PropFly: Learning to Propagate via On-the-Fly Supervision from Pre-trained Video Diffusion Models¶

Conference: CVPR 2026
Paper: CVF Open Access
Code: None (Project page https://kaist-viclab.github.io/PropFly_site/)
Area: Video Generation
Keywords: Propagation-based Video Editing, Video Diffusion Models, Flow Matching, Classifier-Free Guidance, On-the-fly Supervision

TL;DR¶

PropFly utilizes a frozen pre-trained Video Diffusion Model (VDM) as its own "supervision source": it performs one-step denoising estimates on the same noisy latent using two different CFG scales (low and high) to obtain structure-aligned but semantically distinct "source/target" video pairs.
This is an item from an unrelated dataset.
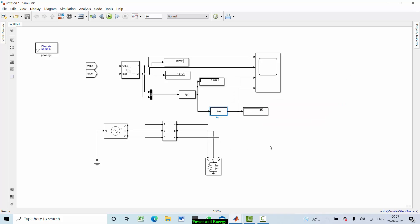I hope you can understand how to calculate three-phase power — real power, reactive power, and also power factor and the corresponding power factor angle using MATLAB. For more updates, subscribe to my channel. Thank you.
Subsequently, a new GMFM loss is used to train an adapter to learn to propagate the "edited first frame" to the entire video sequence—requiring no paired (original, edited) datasets while significantly surpassing SOTA across multiple video editing benchmarks.

Background & Motivation¶

Background: Text-guided video editing is the mainstream approach, using prompts for transformations like style transfer or local object replacement. While intuitive, it is difficult for users to precisely describe fine-grained visual effects via text, often leading to results that deviate from creative intent. Consequently, "propagation-based editing" has emerged: users precisely edit a single frame, and the model propagates this modification to the entire video while preserving the motion and structure of the original, offering much finer control.
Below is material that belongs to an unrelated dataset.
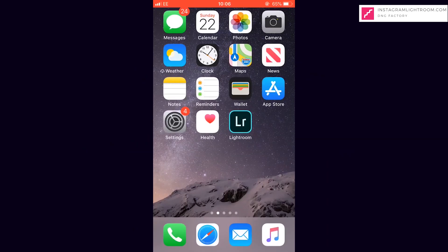In this video, I'm going to show you how to import a preset into your Adobe Lightroom mobile phone app.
Limitations of Prior Work: Training propagation models requires large-scale, diverse paired video datasets (source video + edited video), which are extremely expensive and difficult to acquire. Existing workarounds have significant flaws: GenProp uses object segmentation masks to synthesize training pairs, which only allows for local modifications such as "adding/deleting objects" and fails for global stylization; CCEdit / Go-with-the-Flow rely on pre-computed depth maps or optical flow as auxiliary signals, which introduce artifacts if these signals contain errors; Señorita-2M synthesizes paired data through iterative sampling with diffusion models, which is computationally expensive for video and covers limited editing types.

Key Challenge: Propagation editing needs massive and diverse paired supervision to generalize to various edits (local to global); however, paired data is either expensive, narrow in coverage, or reliant on error-prone auxiliary signals—there is a deadlock between supervision signal diversity and acquisition cost.
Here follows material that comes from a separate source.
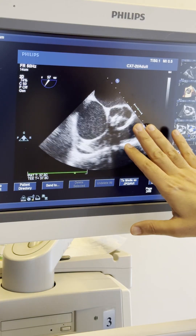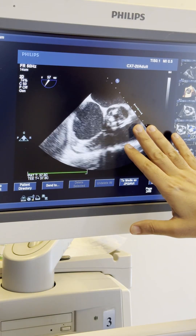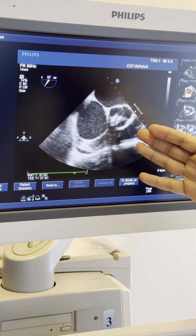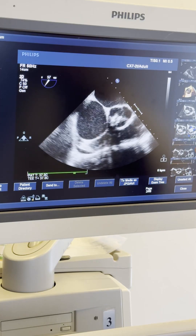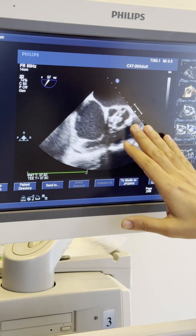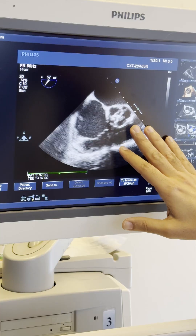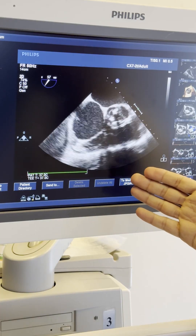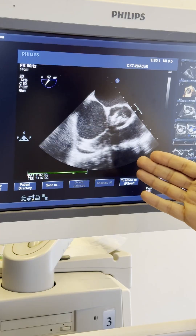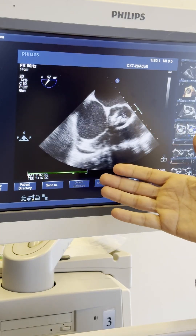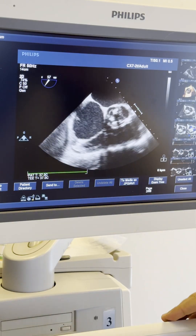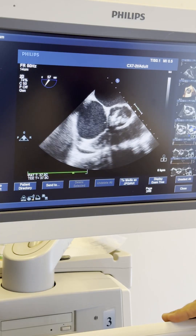This patient, as you can see from the 2D images on transoesophageal echo, had calcific aortic valve disease. His gradient was high but there was also significant aortic regurgitation. Because he had renal impairment, he was referred for transoesophageal three-dimensional echocardiography to analyze the aortic root and give all the dimensions for the TAVI procedure.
Key Insight: The authors observe that pre-trained VDMs inherently "know" how to perform various global transformations. Specifically, changing the CFG scale directly modulates the global visual attributes (style, tone, texture) of the output while maintaining the overall video content (Observation 1); furthermore, a one-step clean latent estimate is sufficient, making full iterative denoising unnecessary (Observation 2).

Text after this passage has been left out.